Ostatni tydzień stał pod znakiem newsów dotyczących dwóch strzelanek: Battlefield 4 oraz Call of Duty: Ghosts. Wersja CoD przeznaczona na PS3, która swoją oficjalną premierę ma dopiero jutro, już została złamana przez hakerów. Nieliczni szczęśliwcy, którzy znaleźli się w posiadaniu gry dali znać Activision, że na serwerach do gry wieloosobowej pojawili się gracze, którzy z uczciwością stoją na bakier – po modyfikacji kilku plików z poziomu dysku twardego konsoli mają oni takie udogodnienia, jak możliwość widzenia przez ściany czy też możliwość noszenia większej ilości broni. Wydawca obiecuje, że do jutra problem ma zostać rozwiązany, niemniej o to może być trudno.
Niemniejsze problemy mają twórcy wielkiego konkurenta CoD, czyli wspomnianego już Battlefielda 4. Nie jest dla nikogo tajemnicą, że w przypadku tej gry tryb wieloosobowy to podstawa. W sieci furorę robiły newsy mówiące o tym, że kampania dla pojedynczego gracza trwała niecałe 4,5 godziny, co nawet jak na dzisiejsze standardy jest wynikiem tragicznym. Jednak Mitch Dyer, redaktor serwisu IGN, który miał okazję pograć w B4 na PS4 dowodził, że problemy ze stabilnością tej gry to norma. Gracze regularnie są wyrzucani z serwerów, a problem najczęściej pojawiał się między przełączaniem map. W każdym razie, premiera B4 oznacza dla Electronic Arts sporo pracy, również w kwestii obrony wizerunku firmy. Fakt jednak pozostaje faktem, że gry prawdopodobnie i tak się sprzedadzą w rekordowych ilościach.
Wpis ten nie byłby też pełny bez wspomnienia o GTA V. Najnowsza produkcja studia Rockstar Games bez wytchnienia bije kolejne rekordy, a przecież jeszcze nie każdy, kto chciał znalazł się już w posiadaniu swojej kopii gry. W 6 tygodni od premiery nabywców znalazło już 29 milionów egzemplarzy, a mówimy tylko o fizycznych kopiach – a przecież w sprzedaży są również gry w wersji cyfrowej. Twórcy gry robią jednak wiele, by gra nie znikała z pierwszych stron serwisów internetowych. Jednym z ostatnich pomysłów jest na przykład wykorzystanie bardzo popularnej w grze funkcji – robienia zdjęć ‘z ręki’. Tylko do dzisiaj trwa konkurs na najlepszą fotkę, którą należy oznaczyć hashtagiem EpicPhotobomb.
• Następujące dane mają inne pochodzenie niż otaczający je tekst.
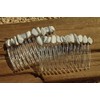 Tumbled White Howlite Stone Hair Combs (Quantity of 2)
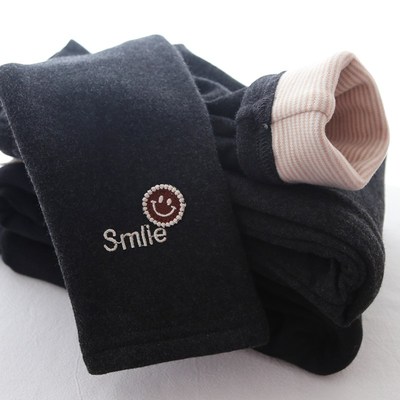 儿童两层一体打底裤女童发热蚕丝保暖裤外穿中大童厚长裤110-170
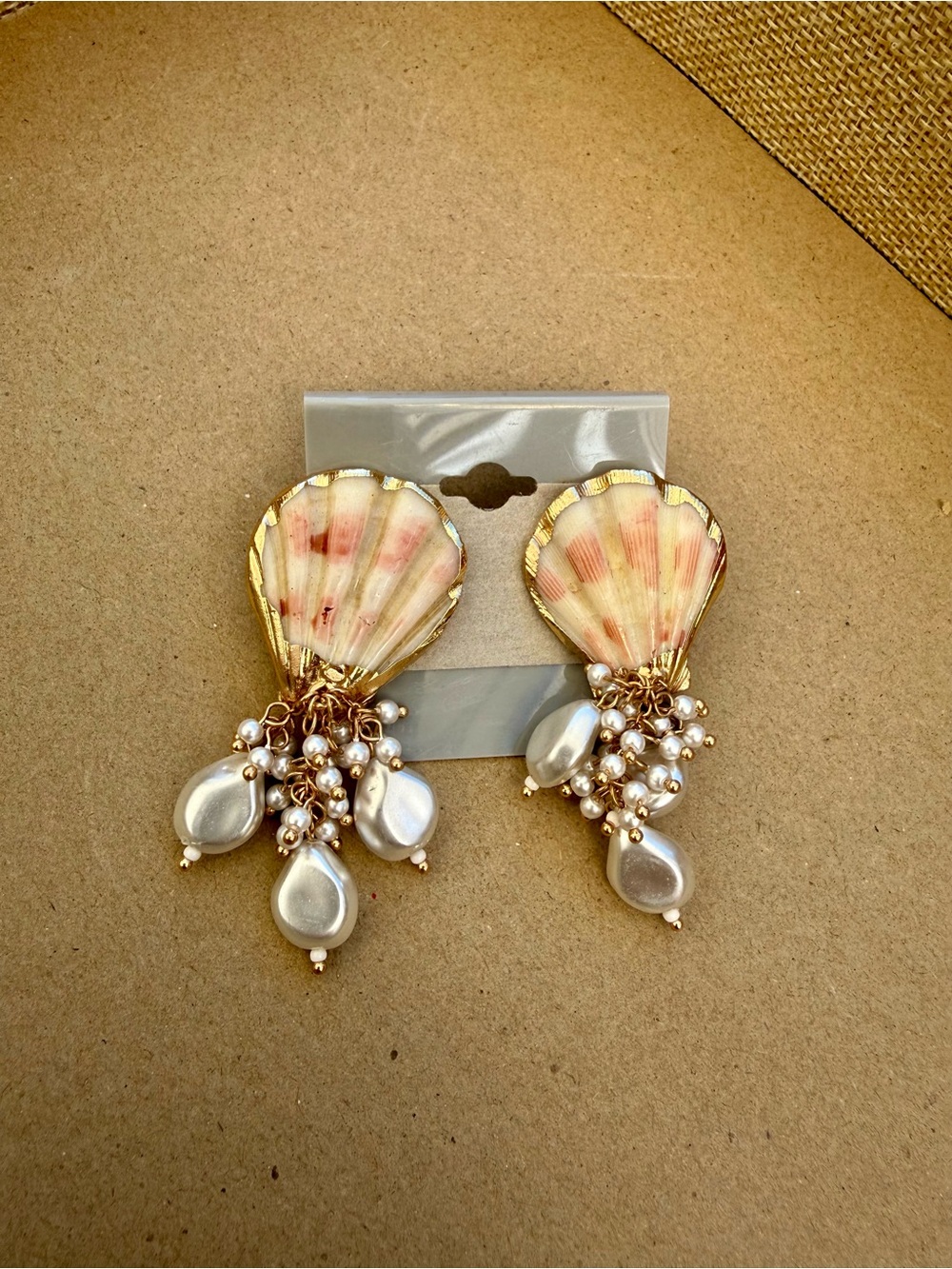 Shell & Pearl Drop Earrings - Pink Shell with Pearlescent Accents
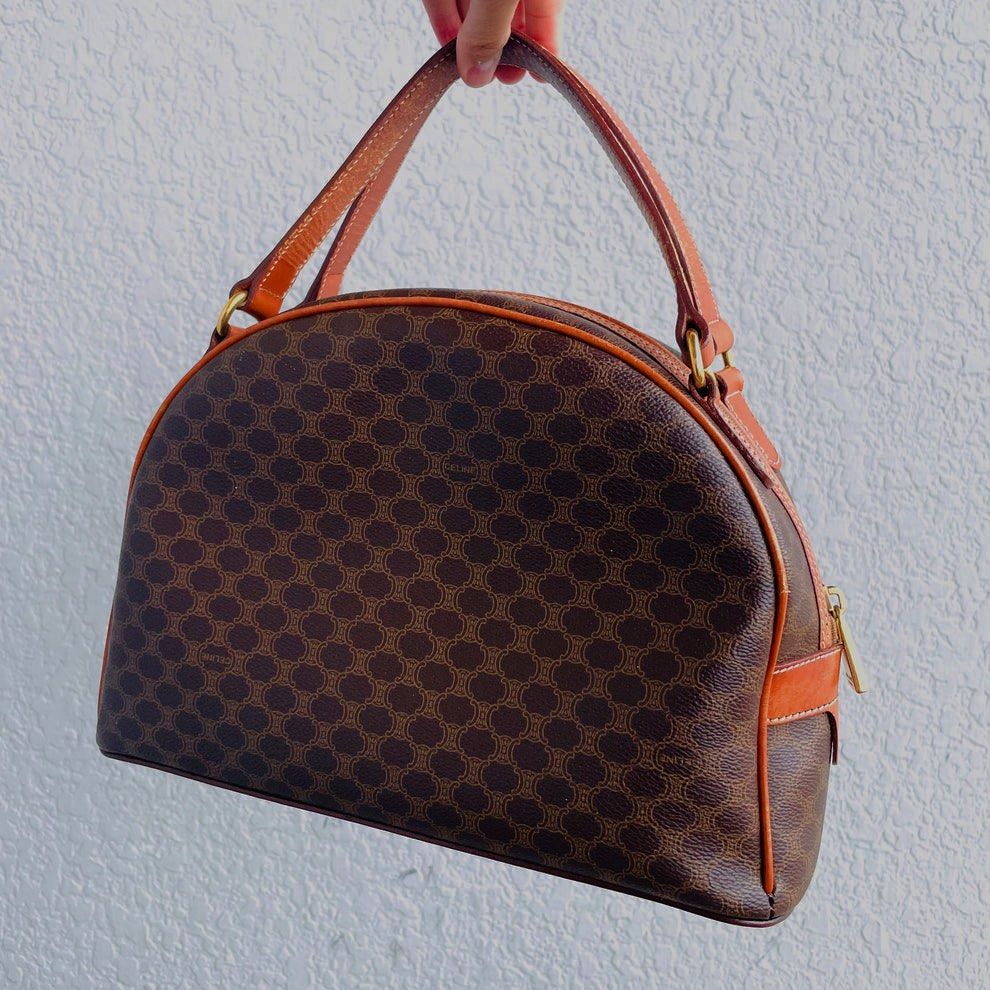 Celine Triomphe Macadam Monogram Logo Vintage Bowling Boston Bag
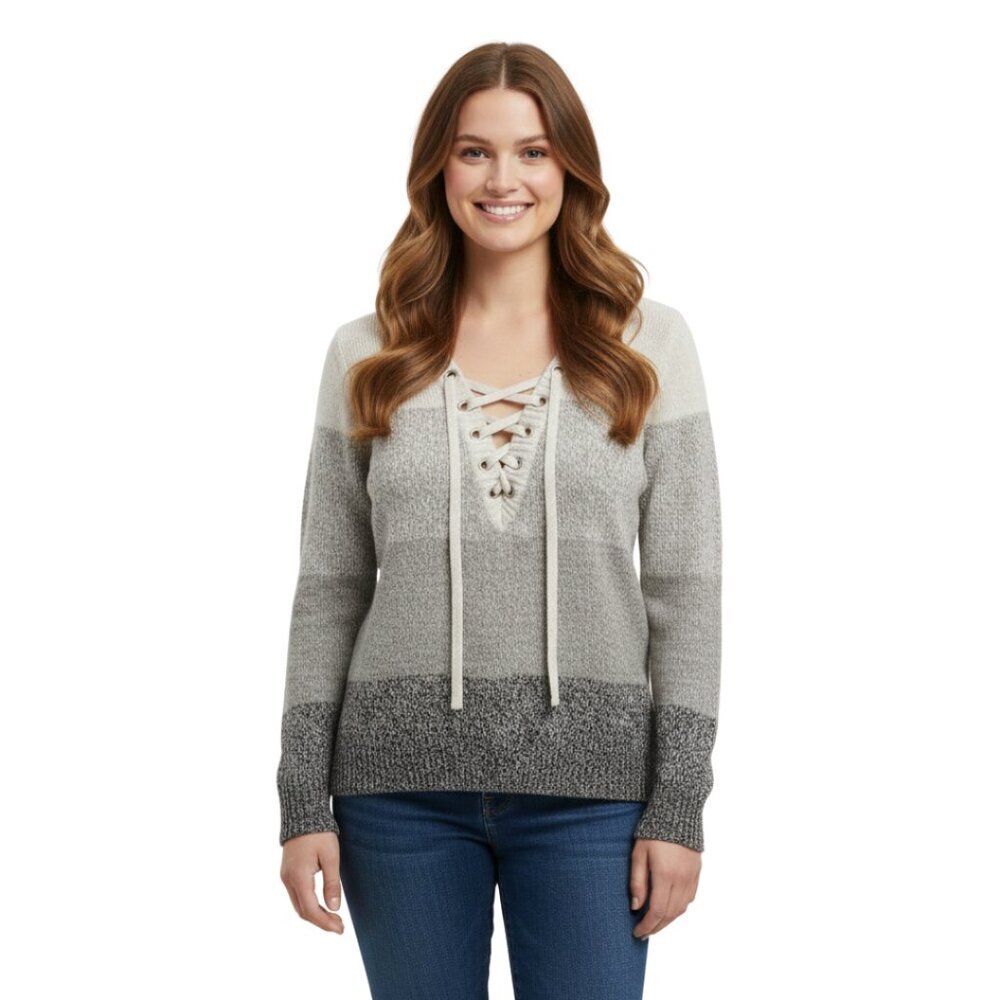 SOHO Jeans Super Cute Colorblock Lace Up V-Neck Sweater - Size Large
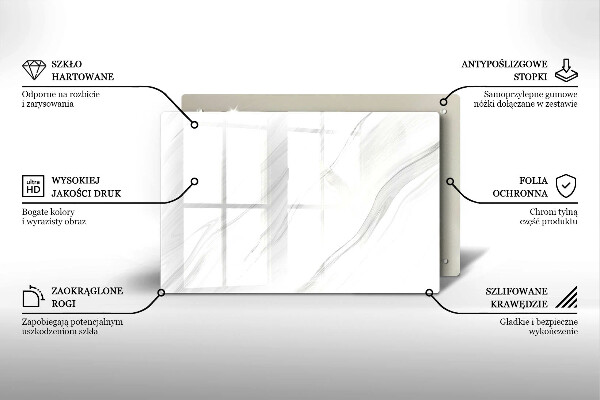 Glass kitchen board Delicate marble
Zainteresowani? Aha, jeszcze w temacie GTA V – jeśli w międzyczasie ze względu bug w grze ‘uciekły’ Ci pieniądze z konta, to możesz liczyć na zapomogę, jeszcze w tym tygodniu.
W sieci pojawiły się też zdjęcia z nowego Wiedźmina. Czy jesteśmy dzięki nim mądrzejsi? Otóż niekoniecznie – wiemy jednak już na pewno, że gra będzie wyglądać fenomenalnie, a do jej odpalenia potrzebna będzie naprawdę potężna maszyna. Czekamy!